[208] Midway in the group of the three comes the order not to sow the vineyard for bearing two kinds of fruit. The first reason for this is to keep things of a different kind from being mixed and confused. For sown crops have no relation to trees nor trees to sown crops and therefore nature has not appointed the same date to both for producing their annual fruits, but has assigned spring to the one for reaping the corn harvest and the end of summer to the other for gathering the fruits.
[209] Thus we find that the sown plants after their flowering wither at the same time as the trees sprout after withering. For the sown plants flower in the winter when the trees shed their leaves while on the contrary in the spring when all the sown plants are withering the trees of both types the cultivated and the wild are sprouting, and practically it is at the same time that the crops reach their fullness and the fruits begin to grow.
[210] These two so greatly differing in their natures, their flowerings and their seasons for gendering their own particular products he rightly put asunder and set at a distance from each other, thus reducing disorder to order. For order is akin to seemliness and disorder to unseemliness.
[211] The second reason was to prevent each of the two species from hurting and being hurt in return by abstracting the nourishment from each other. For if this nourishment is divided up, as it is in times of famine and dearth, all the plants will necessarily lose all their strength and either become sterilized and completely unproductive or else bear nothing but poor fruit as a consequence of the debility caused by their lack of nourishment.
[212] The third reason was that good soil should not suffer from the pressure of two very heavy burdens, one the close unbroken density of the plants which are sown and grow on the same spot, the other the task of bearing a double crop of fruit. A single yearly tribute from a single piece of ground is enough for the owner to receive, as the same from a city is enough for a king. To attempt to levy more than one toll shows excessive avarice, and that is a vice which upsets the laws of nature.
[213] And therefore the law would say to those who are minded to gratify their covetousness by laying down seed in their vineyard “do not show yourselves inferior to kings who have subdued cities and countries by arms and military expeditions.
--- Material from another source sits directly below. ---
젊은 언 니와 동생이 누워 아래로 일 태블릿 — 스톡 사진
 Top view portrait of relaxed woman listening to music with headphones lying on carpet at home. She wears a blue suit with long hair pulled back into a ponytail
They with an eye to the future and at the same time wishing to spare their subjects deem it best to levy one yearly tribute in order to avoid reducing them in a short space of time to the utmost depths of poverty.
[214] But you if you exact from the same plot in the spring its contributions of wheat and barley and in the summer the same from the fruit trees will wring the life out of it by the double taxation. For it will naturally become exhausted like an athlete who is not allowed a breathing space and a chance of rallying his forces to begin another contest.
[215] But you appear to forget too easily the injunctions which I gave for the common weal. If only you had remembered my instruction as to the seventh year, in which I laid it down that the holy land should be left at liberty in consideration of its six-years labours, which it underwent in bearing fruit at the annual season prescribed by the laws of nature, and not be worn out by any of the husbandman’s operations, you would not, recklessly and triumphantly giving full play to your covetous feelings, have planned strange forms of tillage by laying down seed in land fitted for the culture of trees and particularly the vine, just to gain every year two separate revenues both unjustly earned and thus increase your property with the levy which the lawless passion of avarice has led you to exact.
[216] For he who can bring himself to let his own farms go free in the seventh year and draw no income from them in order to give the land fresh life after its labours is not the man to overload and oppress them with a double burden.
[217] And therefore of necessity I pronounced on such acquisitions that both the autumn harvest and the fruit of the sown crops were unholy and impure, because the life-creating spirit-force in the rich soil is so to speak throttled and strangled, and because the owner vents his wild wastefulness on the gifts of God in an outburst of unjust desires which he does not confine within moderate bounds.”
[218] Should not our passionate affection go out to such enactments as these which by implication restrain and shackle the mad covetous desires which beset mankind? For he who as a commoner has learned to shun unjust gains in the treatment of his plants will, if he becomes a king with greater matters in his charge, follow his acquired habit when he comes to deal with men and also women. He will not exact a double tribute nor wring the life out of his subjects with his imposts. For long familiar habit has the power to soften harsh temperaments and in a sense to tutor and mould them to better forms, and the better forms are those which justice imprints on the soul.